Que mi vecino haya pintado su casa y esté ahora más linda que la mía, me produce tristeza porque su bien me quita reconocimiento: ya no soy el que tiene la casa más linda de la cuadra. Reconocer el mal que nos provoca el bien del otro, es la clave para combatir la tristeza porque, por lo general, es medio pavote. ¿Realmente vale la pena amargarme porque lo que piensen los que pasan por mi cuadra?
Por eso, los medievales proponían dos remedios infalibles para combatir la tristeza. El primero es evitar compararse con los demás todo el tiempo. La tristeza de la envidia nace de la comparación. Gregorio Magno decía que solo se envidia al que se cree mejor que uno. Al compararme y ver que en eso es mejor, me entristezco. Si dejo de compararme, ya no me entristece el bien del otro.
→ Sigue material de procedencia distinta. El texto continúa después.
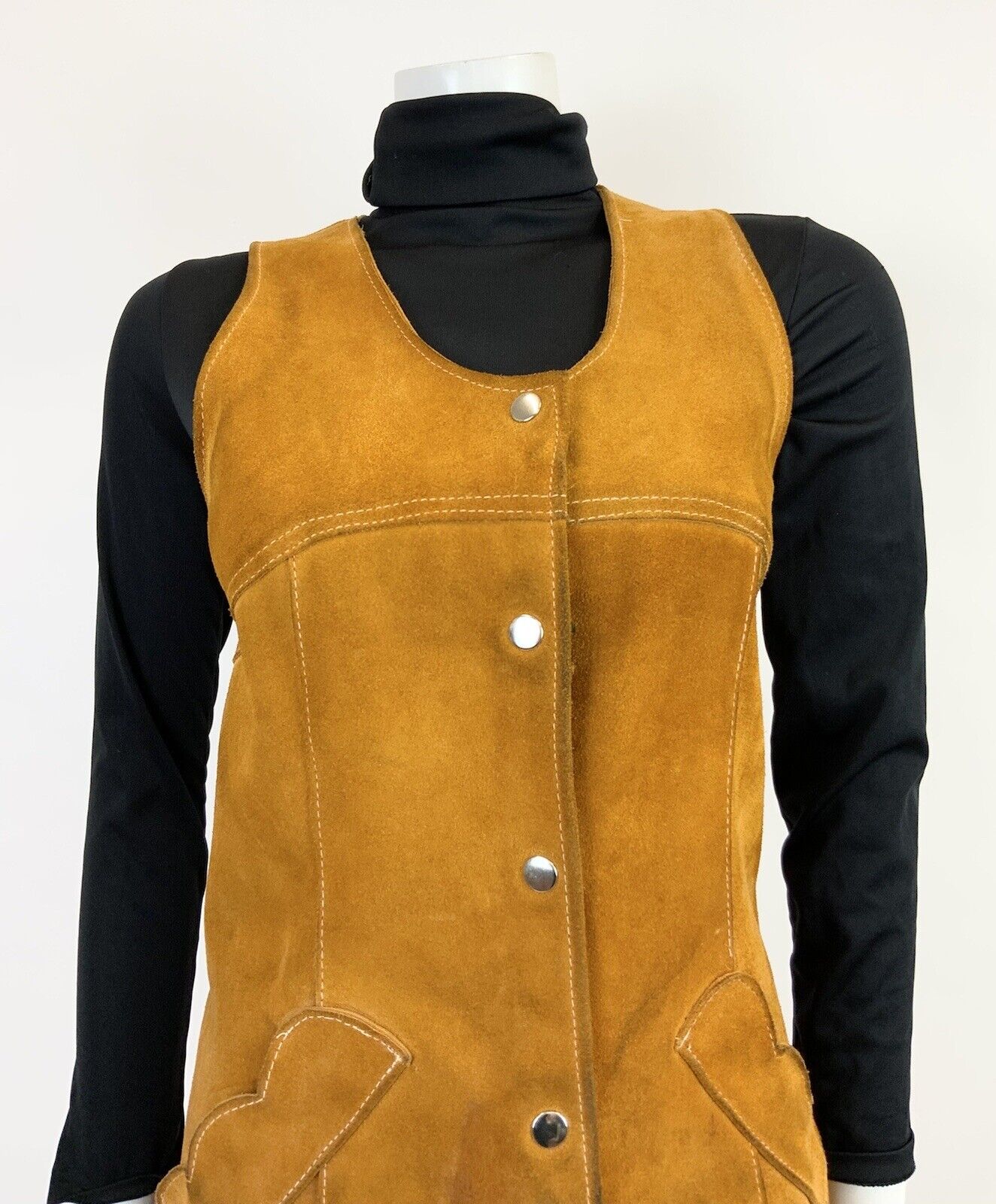 VTG 60s 70s BROWN SUEDE LEATHER SCALLOPED BOHO MOD PINAFORE PINNY DRESS 8 10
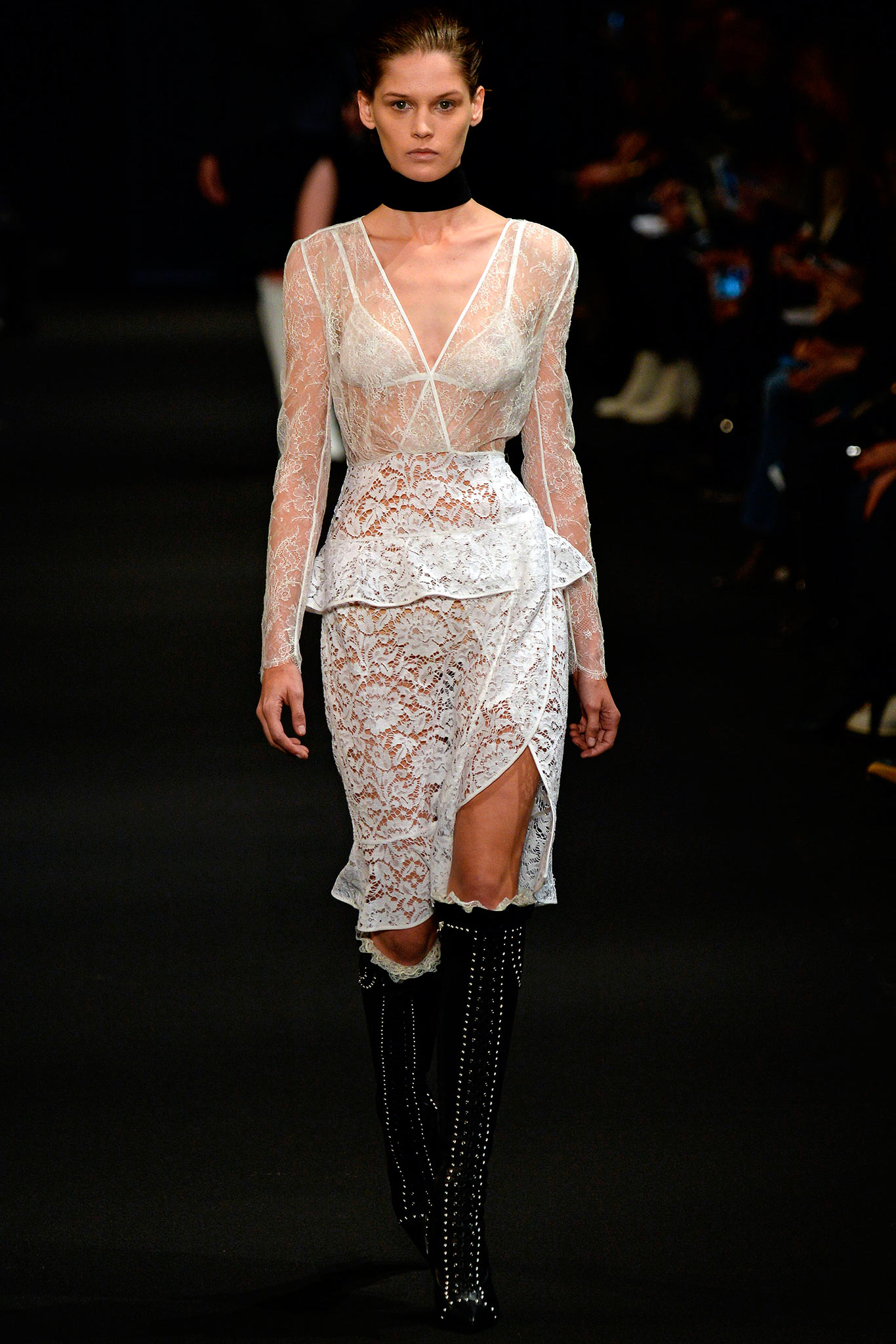 white lace fitted dress with choker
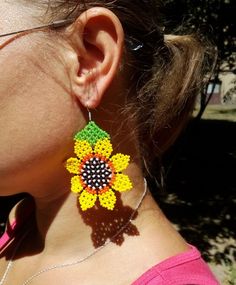 Sunflower earrings Summer flowers earrings Huichol Earrings | Etsy Beaded Flower Earrings For Summer, Yellow Sunflower Dangle Earrings, Yellow Sunflower Design Dangle Earrings, Summer Flower Beaded Earrings For Pierced Ears, Summer Yellow Beaded Earrings With Ear Wire, Yellow Beaded Earrings With Ear Wire For Summer, Yellow Beaded Drop Earrings For Beach, Yellow Flower Earrings With Round Beads, Yellow Sunflower Design Earrings For Summer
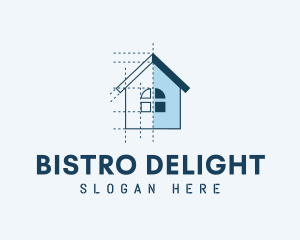 House Blueprint Construction logo design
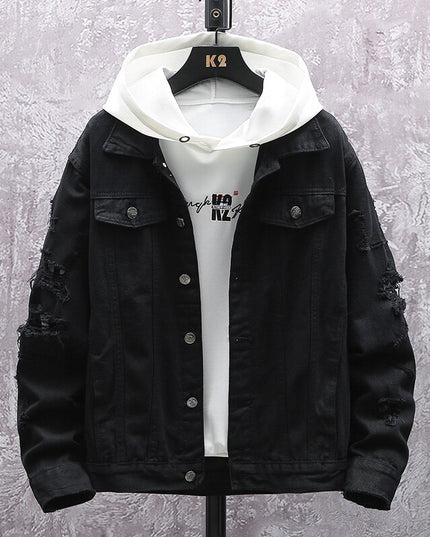 Męska kurtka jeansowa z przetarciami i dziurami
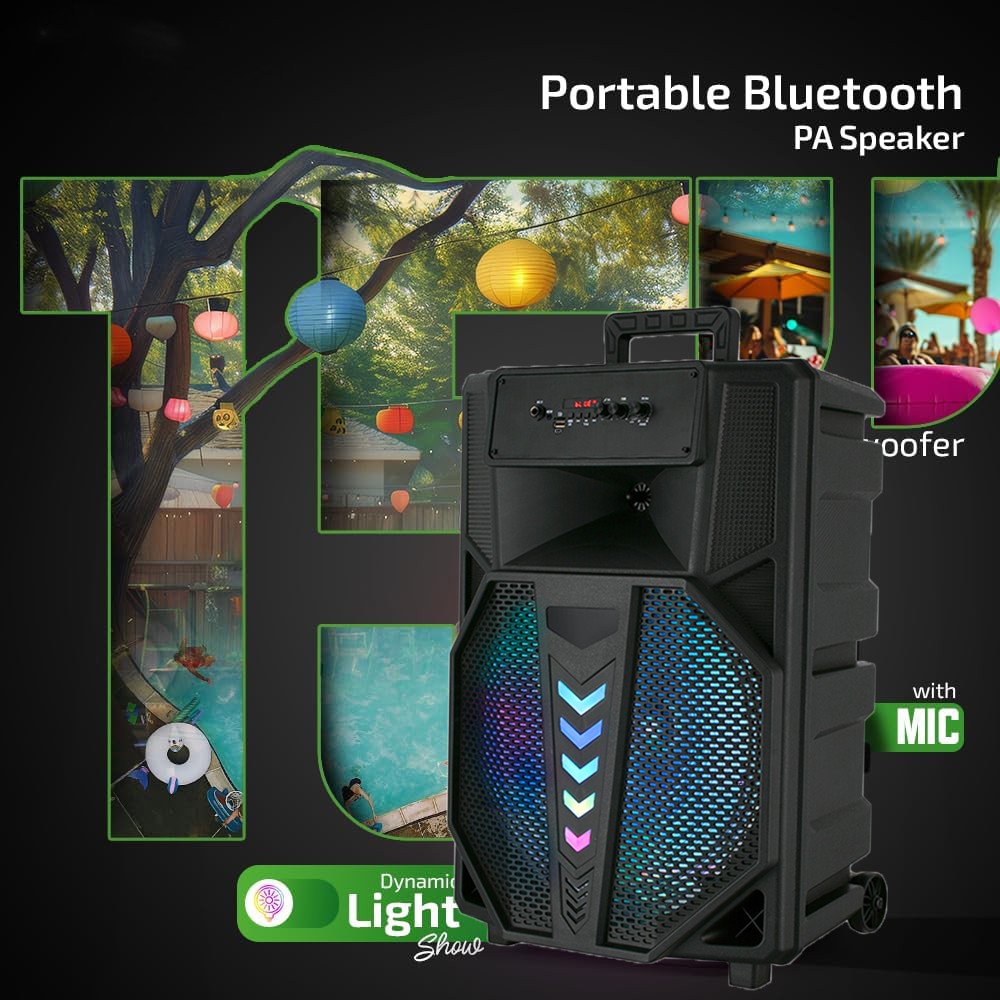 15" Portable Party Bluetooth Speaker w/ LED Party Lights, Wired Mic & Stand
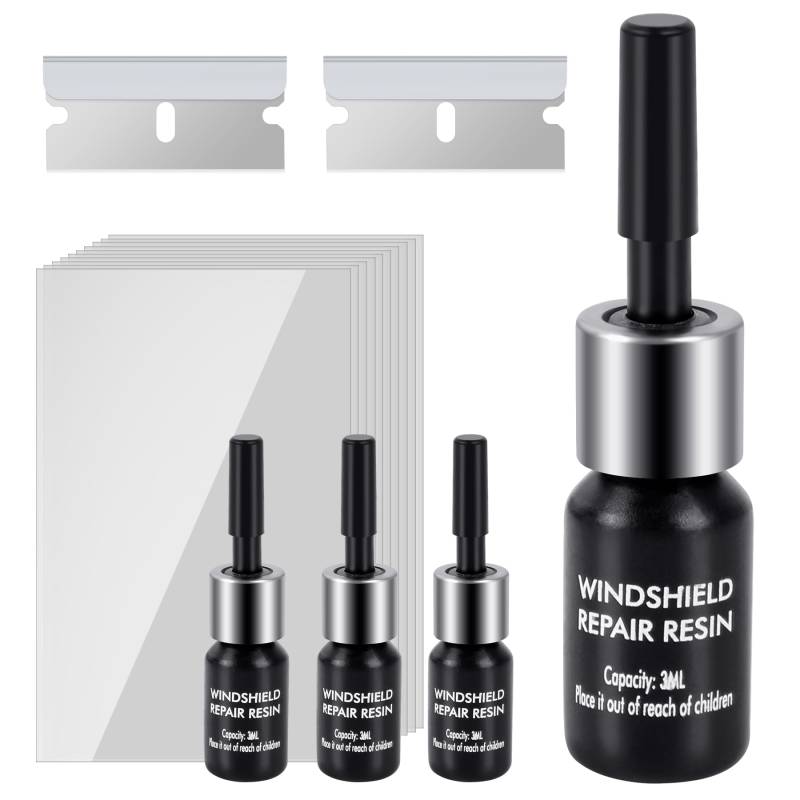 everfarel Auto Windschutzscheiben Reparaturset Werkzeug, Auto Windshield Repair Kit, Glas Reparatur Flüssigkeit für Windschutzscheibenrisse 4pcs von everfarel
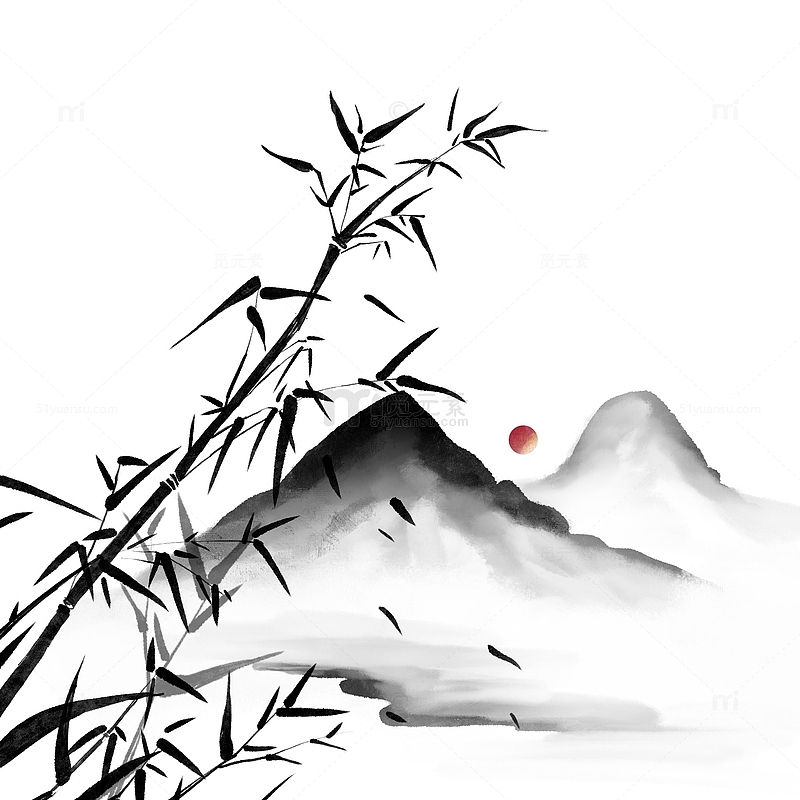手绘中国风山水画水墨竹子竹林落日元素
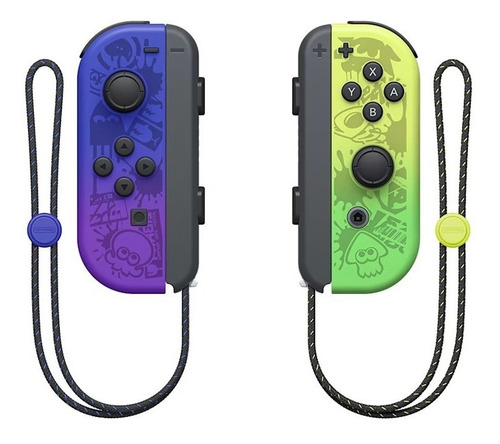Nintendo Switch OLED 64GB Splatoon 3 Edition cor gradiente azul e gradiente amarelo e preto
Pero el segundo remedio es todavía mejor: amar. La lógica medieval es impecable. Amar es desear el bien del otro. Cuando obtengo lo que deseo, me alegro, no me entristezco. Porque desearlo es convertirlo en un bien para mí. Así, cuando el otro tiene un bien, no me entristece. Me alegra. Porque su bien, es un bien para mí también.
Si envidiás, te entristece el bien del otro; si no te comparás, ya no te entristece. Pero si amás, te alegra. Siempre, siempre, amar es el mejor negocio.